Mitigation, in other words, must seem lucrative on a case-by-case, rather than a collective, basis. Apparently it does, to some extent. Venture capitalists risked $1.6 billion on clean energy technologies in 2005, according Environmental Entrepreneurs, a group of business professionals who promote enterprise that is both economically and environmentally sound. That figure represents a 43 percent increase over 2004 and ranks the clean technology industry sixth among venture capital recipients. In addition, some of the world’s largest multi-national corporations cut emissions by up to 70 percent in 2004 for individual savings in the hundreds of millions of dollars, according to a report by The Climate Group, a non-profit that pushes for business and governmental response to climate change. To quote Duncan: “Business seems to be buzzing with green activity.”

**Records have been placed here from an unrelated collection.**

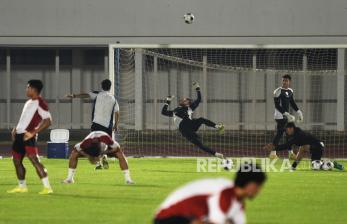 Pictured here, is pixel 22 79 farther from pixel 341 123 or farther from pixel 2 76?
pixel 341 123

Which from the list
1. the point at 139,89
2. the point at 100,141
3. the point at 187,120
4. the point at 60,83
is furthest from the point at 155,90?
the point at 100,141

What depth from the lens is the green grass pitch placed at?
12586mm

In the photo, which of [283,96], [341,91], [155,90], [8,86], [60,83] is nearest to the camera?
[283,96]

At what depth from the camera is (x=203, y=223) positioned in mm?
6965

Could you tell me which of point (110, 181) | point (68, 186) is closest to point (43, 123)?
point (68, 186)

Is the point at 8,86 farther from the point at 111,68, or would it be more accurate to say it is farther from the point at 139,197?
the point at 139,197

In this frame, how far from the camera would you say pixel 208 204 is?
6.98 m

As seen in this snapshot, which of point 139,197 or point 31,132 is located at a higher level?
point 31,132

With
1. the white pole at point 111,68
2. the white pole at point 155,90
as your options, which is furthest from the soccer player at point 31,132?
the white pole at point 155,90

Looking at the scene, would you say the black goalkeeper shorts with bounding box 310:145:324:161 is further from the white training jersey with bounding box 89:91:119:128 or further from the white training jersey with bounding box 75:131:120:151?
the white training jersey with bounding box 75:131:120:151

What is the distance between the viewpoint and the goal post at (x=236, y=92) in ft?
106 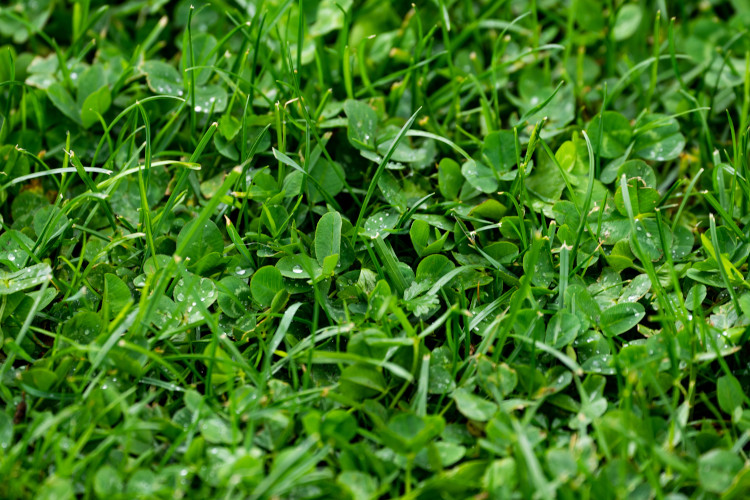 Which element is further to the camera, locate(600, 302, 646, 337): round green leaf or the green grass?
locate(600, 302, 646, 337): round green leaf

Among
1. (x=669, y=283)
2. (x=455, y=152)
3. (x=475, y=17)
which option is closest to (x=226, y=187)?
(x=455, y=152)

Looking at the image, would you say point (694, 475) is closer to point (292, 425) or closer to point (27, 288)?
point (292, 425)

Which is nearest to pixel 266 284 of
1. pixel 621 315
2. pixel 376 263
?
pixel 376 263

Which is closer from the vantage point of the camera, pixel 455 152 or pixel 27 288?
pixel 27 288

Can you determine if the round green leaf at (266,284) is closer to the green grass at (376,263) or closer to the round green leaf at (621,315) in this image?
the green grass at (376,263)

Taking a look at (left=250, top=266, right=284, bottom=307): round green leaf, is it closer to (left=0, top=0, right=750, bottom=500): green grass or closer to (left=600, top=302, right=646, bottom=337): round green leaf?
(left=0, top=0, right=750, bottom=500): green grass

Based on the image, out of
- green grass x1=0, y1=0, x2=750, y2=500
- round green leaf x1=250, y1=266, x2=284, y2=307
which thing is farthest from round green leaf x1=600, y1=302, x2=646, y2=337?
round green leaf x1=250, y1=266, x2=284, y2=307

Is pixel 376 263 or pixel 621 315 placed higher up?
pixel 376 263

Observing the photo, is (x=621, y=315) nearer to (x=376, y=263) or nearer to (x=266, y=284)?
(x=376, y=263)
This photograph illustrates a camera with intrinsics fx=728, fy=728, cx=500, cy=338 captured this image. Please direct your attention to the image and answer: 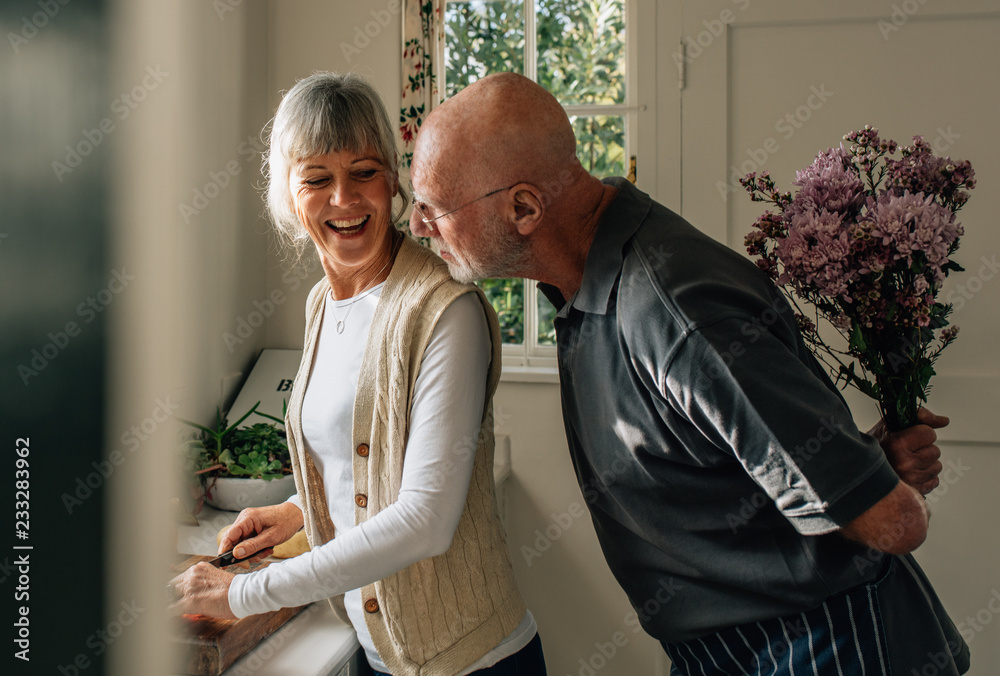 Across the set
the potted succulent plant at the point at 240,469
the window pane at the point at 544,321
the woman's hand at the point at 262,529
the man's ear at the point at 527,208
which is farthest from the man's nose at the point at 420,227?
the window pane at the point at 544,321

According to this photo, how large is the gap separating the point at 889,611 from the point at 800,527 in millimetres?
225

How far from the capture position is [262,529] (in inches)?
45.1

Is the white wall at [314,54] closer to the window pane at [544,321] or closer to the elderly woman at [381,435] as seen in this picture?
the window pane at [544,321]

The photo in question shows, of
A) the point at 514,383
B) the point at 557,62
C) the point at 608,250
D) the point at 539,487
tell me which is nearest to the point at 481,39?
the point at 557,62

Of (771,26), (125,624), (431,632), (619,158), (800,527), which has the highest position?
(771,26)

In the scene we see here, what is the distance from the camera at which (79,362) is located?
170mm

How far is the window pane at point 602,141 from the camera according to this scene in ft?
7.68

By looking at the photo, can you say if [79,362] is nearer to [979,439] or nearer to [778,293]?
[778,293]

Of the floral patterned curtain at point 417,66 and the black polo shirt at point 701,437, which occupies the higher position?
the floral patterned curtain at point 417,66

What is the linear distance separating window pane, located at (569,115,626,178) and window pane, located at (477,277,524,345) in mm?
469

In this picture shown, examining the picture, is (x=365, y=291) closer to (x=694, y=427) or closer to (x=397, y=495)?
(x=397, y=495)

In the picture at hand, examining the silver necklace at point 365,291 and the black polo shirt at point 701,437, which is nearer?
the black polo shirt at point 701,437

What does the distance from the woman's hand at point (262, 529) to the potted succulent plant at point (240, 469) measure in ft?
1.70

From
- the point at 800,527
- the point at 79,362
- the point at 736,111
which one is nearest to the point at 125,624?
the point at 79,362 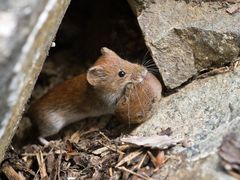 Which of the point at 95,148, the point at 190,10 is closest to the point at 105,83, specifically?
the point at 95,148

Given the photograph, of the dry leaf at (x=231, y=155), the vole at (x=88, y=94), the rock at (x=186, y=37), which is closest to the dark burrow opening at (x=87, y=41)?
the vole at (x=88, y=94)

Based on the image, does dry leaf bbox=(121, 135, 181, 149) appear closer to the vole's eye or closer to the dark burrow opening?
the vole's eye

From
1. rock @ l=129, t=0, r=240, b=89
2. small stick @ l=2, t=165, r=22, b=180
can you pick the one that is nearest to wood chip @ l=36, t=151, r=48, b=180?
small stick @ l=2, t=165, r=22, b=180

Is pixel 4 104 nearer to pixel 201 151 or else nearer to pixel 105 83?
pixel 201 151

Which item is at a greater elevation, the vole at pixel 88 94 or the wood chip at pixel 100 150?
the vole at pixel 88 94

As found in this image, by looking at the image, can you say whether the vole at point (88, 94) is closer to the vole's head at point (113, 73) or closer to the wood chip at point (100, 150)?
the vole's head at point (113, 73)

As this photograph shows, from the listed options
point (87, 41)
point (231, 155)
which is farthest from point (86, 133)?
point (231, 155) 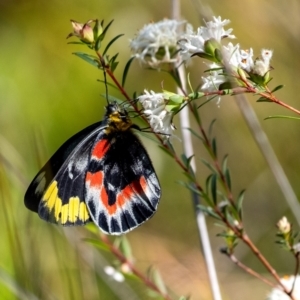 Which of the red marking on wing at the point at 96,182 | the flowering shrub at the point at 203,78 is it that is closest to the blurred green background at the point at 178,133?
the red marking on wing at the point at 96,182

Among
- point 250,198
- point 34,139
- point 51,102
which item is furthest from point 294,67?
point 34,139

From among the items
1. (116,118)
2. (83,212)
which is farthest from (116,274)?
(116,118)

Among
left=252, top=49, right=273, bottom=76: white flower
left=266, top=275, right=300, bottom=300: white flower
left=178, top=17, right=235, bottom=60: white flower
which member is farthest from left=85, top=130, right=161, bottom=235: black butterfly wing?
left=252, top=49, right=273, bottom=76: white flower

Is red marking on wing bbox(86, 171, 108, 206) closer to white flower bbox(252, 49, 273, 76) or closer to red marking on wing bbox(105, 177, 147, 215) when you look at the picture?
red marking on wing bbox(105, 177, 147, 215)

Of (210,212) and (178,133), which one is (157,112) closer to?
(210,212)

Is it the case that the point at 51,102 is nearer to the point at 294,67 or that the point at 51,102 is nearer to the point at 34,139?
the point at 294,67

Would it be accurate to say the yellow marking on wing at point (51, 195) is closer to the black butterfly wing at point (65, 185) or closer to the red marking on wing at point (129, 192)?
the black butterfly wing at point (65, 185) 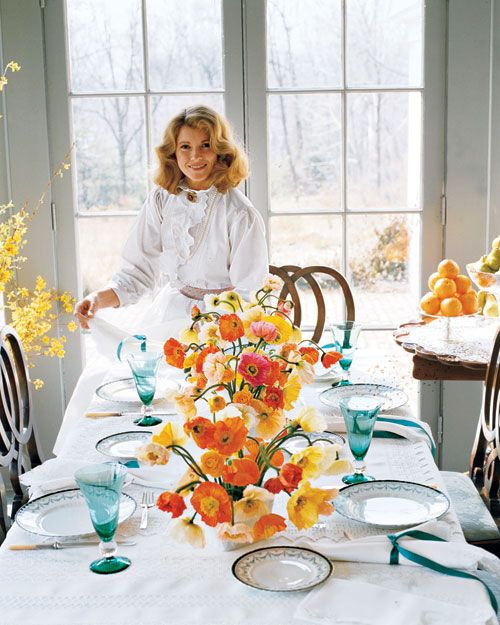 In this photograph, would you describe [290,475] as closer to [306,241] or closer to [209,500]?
[209,500]

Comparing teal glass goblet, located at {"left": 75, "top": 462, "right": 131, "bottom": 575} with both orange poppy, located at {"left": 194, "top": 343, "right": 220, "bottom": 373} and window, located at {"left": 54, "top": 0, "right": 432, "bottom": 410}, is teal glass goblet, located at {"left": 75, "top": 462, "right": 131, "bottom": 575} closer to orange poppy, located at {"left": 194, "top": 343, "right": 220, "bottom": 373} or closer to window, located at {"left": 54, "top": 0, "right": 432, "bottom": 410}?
orange poppy, located at {"left": 194, "top": 343, "right": 220, "bottom": 373}

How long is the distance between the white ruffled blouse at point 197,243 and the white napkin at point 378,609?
1.83 m

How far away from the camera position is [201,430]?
123 centimetres

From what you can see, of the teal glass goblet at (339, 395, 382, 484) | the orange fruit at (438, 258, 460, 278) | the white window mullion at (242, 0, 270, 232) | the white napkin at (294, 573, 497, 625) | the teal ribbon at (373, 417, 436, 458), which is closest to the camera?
the white napkin at (294, 573, 497, 625)

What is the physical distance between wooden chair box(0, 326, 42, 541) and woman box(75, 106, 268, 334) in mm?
673

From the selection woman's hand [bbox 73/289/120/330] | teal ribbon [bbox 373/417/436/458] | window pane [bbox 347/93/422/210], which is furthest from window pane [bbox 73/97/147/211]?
teal ribbon [bbox 373/417/436/458]

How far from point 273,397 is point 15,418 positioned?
116 centimetres

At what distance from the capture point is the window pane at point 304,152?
3279mm

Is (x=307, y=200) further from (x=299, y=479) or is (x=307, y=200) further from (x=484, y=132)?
(x=299, y=479)

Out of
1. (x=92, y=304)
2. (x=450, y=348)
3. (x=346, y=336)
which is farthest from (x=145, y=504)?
(x=450, y=348)

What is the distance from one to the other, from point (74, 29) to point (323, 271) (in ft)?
4.12

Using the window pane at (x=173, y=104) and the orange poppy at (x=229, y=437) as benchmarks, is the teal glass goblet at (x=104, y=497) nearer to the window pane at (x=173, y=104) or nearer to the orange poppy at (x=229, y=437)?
the orange poppy at (x=229, y=437)

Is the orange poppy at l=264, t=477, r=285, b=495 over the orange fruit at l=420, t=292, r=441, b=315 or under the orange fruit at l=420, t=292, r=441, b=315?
under

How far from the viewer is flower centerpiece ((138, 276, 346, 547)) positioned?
1.23m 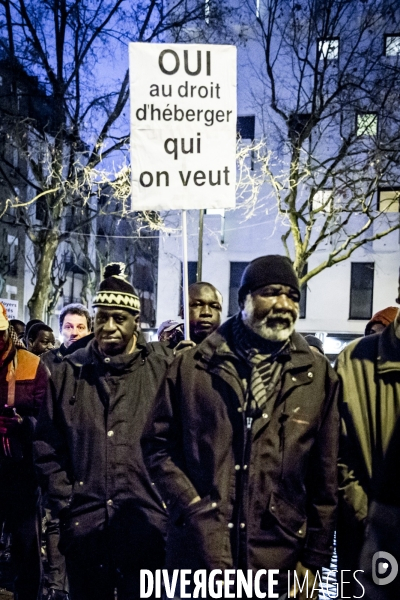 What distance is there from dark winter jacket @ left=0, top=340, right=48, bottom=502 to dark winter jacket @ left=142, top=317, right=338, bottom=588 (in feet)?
6.37

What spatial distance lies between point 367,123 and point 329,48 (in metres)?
2.98

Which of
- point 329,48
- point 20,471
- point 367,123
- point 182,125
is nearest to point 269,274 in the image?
point 182,125

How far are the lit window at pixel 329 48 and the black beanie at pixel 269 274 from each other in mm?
23663

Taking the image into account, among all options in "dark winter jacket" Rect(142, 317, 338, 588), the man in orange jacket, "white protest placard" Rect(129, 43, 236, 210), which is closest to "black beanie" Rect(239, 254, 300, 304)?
"dark winter jacket" Rect(142, 317, 338, 588)

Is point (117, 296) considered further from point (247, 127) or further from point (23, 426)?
point (247, 127)

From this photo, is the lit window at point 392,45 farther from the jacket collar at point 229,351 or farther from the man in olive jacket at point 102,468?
the jacket collar at point 229,351

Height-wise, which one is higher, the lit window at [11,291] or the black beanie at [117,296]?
the black beanie at [117,296]

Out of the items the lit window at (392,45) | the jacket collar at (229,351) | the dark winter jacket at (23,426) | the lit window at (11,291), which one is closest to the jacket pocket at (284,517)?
the jacket collar at (229,351)

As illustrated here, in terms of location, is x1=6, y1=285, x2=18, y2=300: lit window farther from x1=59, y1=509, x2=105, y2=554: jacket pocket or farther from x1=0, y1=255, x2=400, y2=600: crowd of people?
x1=0, y1=255, x2=400, y2=600: crowd of people

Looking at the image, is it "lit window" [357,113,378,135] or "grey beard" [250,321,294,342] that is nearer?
"grey beard" [250,321,294,342]

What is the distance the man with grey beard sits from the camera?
3312mm

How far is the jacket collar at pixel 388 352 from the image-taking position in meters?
3.44

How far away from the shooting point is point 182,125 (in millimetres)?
5668

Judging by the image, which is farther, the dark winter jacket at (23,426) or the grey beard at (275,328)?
the dark winter jacket at (23,426) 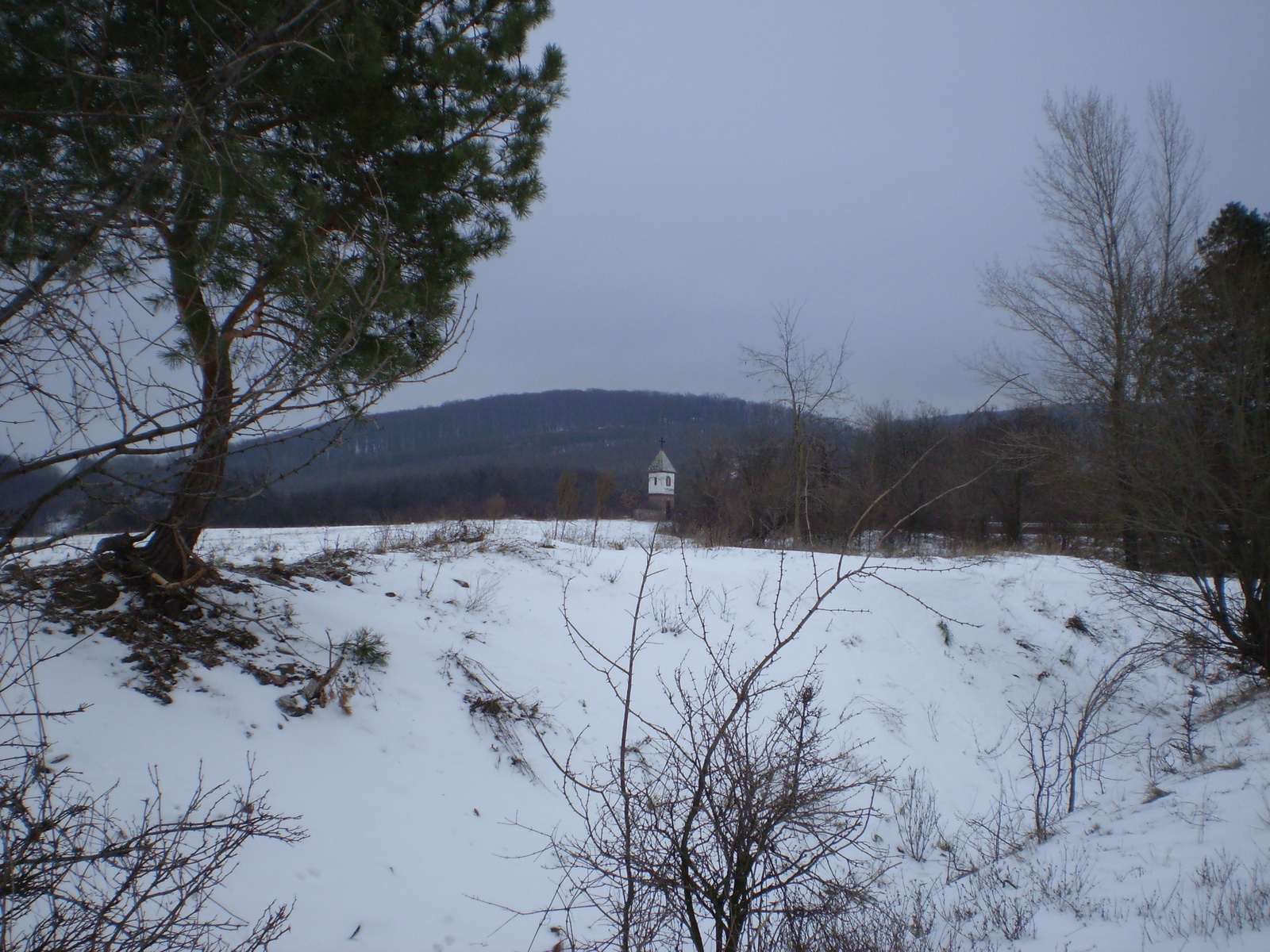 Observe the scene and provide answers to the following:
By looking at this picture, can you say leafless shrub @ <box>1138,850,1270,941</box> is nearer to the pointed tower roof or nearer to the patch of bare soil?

Indeed, a special section titled Small Business, published by The New York Times on Sept. 12, saw fit to include two articles on earth-friendly start-ups. In one, the challenge is clear: green businesses struggle “because they must operate under constraints that less idealistic enterprises can ignore,” writes Jonathan D. Glater. In the other, the opportunity is clear: “So far, commercial demand has outpaced supply” for biodiesel fuel, writes Susan Moran. The stories’ combined message might be summed up in The Economist’s concluding headline, “Where to start: Technological and economic solutions to climate change are available. The problem is politics.”
Again, we must give Duncan credit for not mincing her words: “America is the key.” Her report attributes most of the drive for green business to government. If companies believe that the government will regulate and legislate so as to make emissions reductions and investments in green technology worthwhile, business will act accordingly. Kyoto led to a strong carbon market in the European Union. Though flawed by many accounts, this market created profit incentives that made reductions palatable to business. In April, six of eight major energy companies testifying before the United States Senate said they would accept a similar system. But so far, Congress has balked at mandatory regulation.
If America is the key, according to Duncan, it must lead by example. She recommends subsidizing early-stage R&D of green technologies to bring down prices, and instituting a carbon tax (or a cap-and-trade system, as exists in the E.U.). If America leads, Duncan reasons, the developing world (most importantly China and India) will follow.
But the future of mitigating climate change remains as uncertain as the science itself. Will businesses continue to take the initiative on emissions reductions and green technology or will government step-up and lead the charge? Duncan puts the question directly to George W. Bush: if Kyoto has become anathema to American ears, why not start fresh? Call it the “Crawford Convention,” she writes, referring to the ranch where the American president ostensibly enjoys the pristine beauty of nature.
At least The Economist is doing something about its footprints, however. In a small footnote, the editors claim:
“This survey, which generated about 118 tonnes of carbon dioxide from flights, car journeys, paper production, printing and distribution, has been carbon-neutralised through the carbon Neutral Company. The cost was £590; the money was spent capturing methane from an American mine.”